14. The electronic device according to claim 13, wherein the user-configurable nodes are connected via a plurality of edges,

each of user-configurable nodes is of an adjustable size which indicates an importance of the respective node,

each edge of the plurality of edges is of an adjustable length which depicts a confidence score between two connecting nodes of the user-configurable nodes, and

a connection of two or more nodes of the user-configurable nodes indicates a co-occurrence factor to be used in the search.

15. A method, comprising:

controlling a display device to render an application interface that comprises User Interface (UI) elements, wherein the UI elements comprise: a first UI element to select a set of media items, a second UI element to select input data to be used to search inside content of each media item of the set of media items, and a set of interactive UI elements to configure parameters that control at least one of the search inside the content or a metasearch within results of the search;

receiving a user input via the UI elements of the application interface;

transmitting a search request to a search engine system, based on the user input;

receiving a search result corresponding to the search request from the search engine system, wherein the search result identifies, from within the content or associated metadata, one or more content elements that match the input data and satisfy the parameters included in the user input; and

controlling the display device to render the search result onto a result UI of the application interface.

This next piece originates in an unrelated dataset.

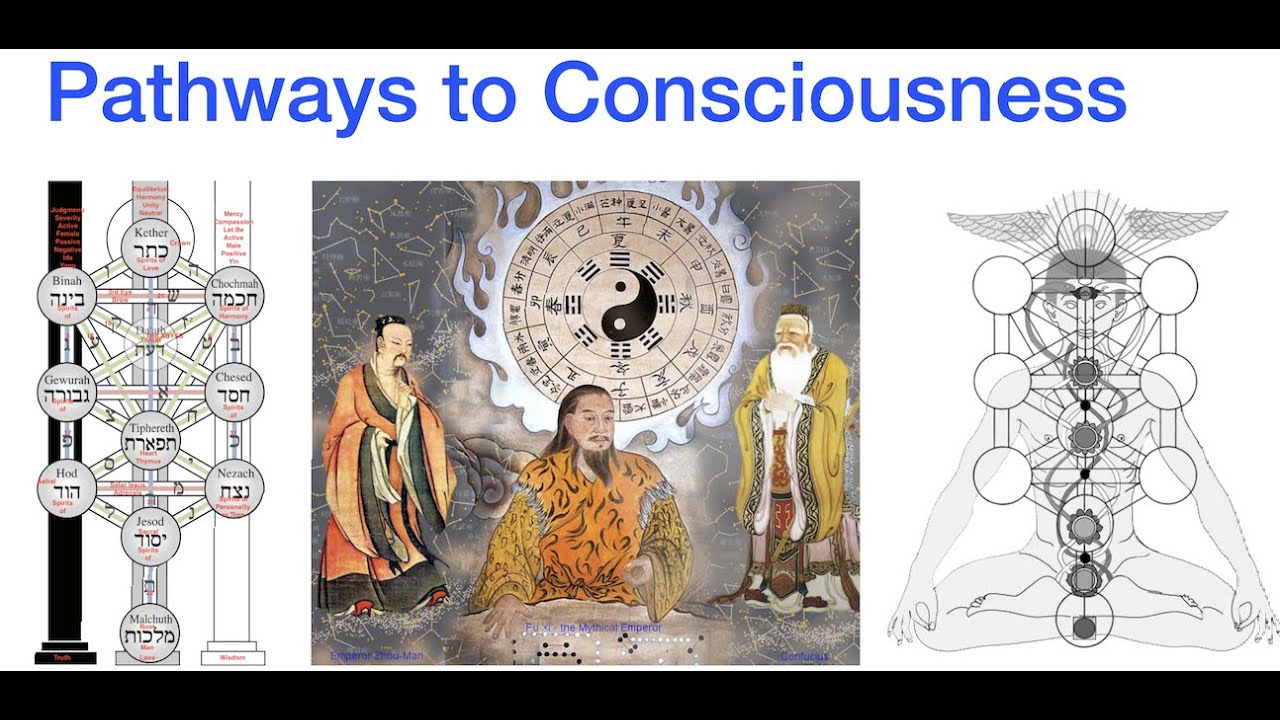 Detailed Info on Class - Pathways To Consciousness - YouTube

16. The method according to claim 15, further comprising:

receiving an input via the application interface; and

determining the parameters available for the search or the metasearch, based on one or more keywords included in the received input.

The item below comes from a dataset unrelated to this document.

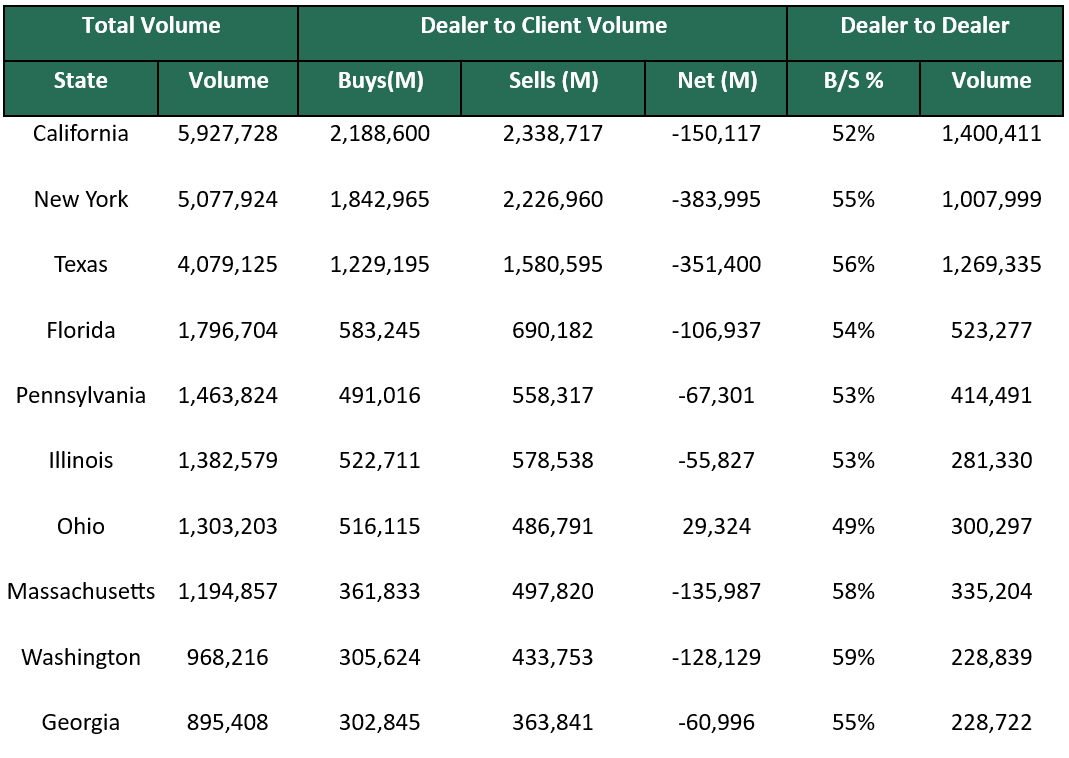 Dealer to Dealer February 18 2025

17. The method according to claim 15, further comprising executing, by using an Artificial Intelligence (AI) model, the search inside the content of each media item of the set of media items to generate an initial search result, and

wherein the search is executed based on the input data and is a machine learning task to look-up, within the content and the associated metadata, a set of content elements that match the input data.

18. The method according to claim 17, further comprising executing a metasearch to filter the set of content elements in the initial search result, and

wherein the set of content elements is filtered based on the parameters in the user input, to determine the one or more content elements of the search result.

19. The method according to claim 17, further comprising selecting the AI model that is suitable for the machine learning task from a third UI element of the UI elements, and

wherein the user input includes a selection of the AI model from a listing of different AI models in the third UI element.

20. A non-transitory computer-readable medium having stored thereon computer-implemented instructions that, when executed by an electronic device, causes the electronic device to execute operations, the operations comprising:

controlling a display device to render an application interface that comprises User Interface (UI) elements, wherein the UI elements comprise: a first UI element to select a set of media items, a second UI element to select input data to be used for a search inside content of each media item of the set of media items, and a set of interactive UI elements to configure parameters that control at least one of the search inside the content or a metasearch within results of the search;

receiving a user input via the UI elements of the application interface;

transmitting a search request to a search engine system, based on the user input; and

receiving a search result corresponding to the search request from the search engine system, wherein the search result identifies, from within the content or associated metadata, one or more content elements that match the input data and satisfy the parameters included in the user input; and controlling the display device to render the search result onto a result UI of the application interface.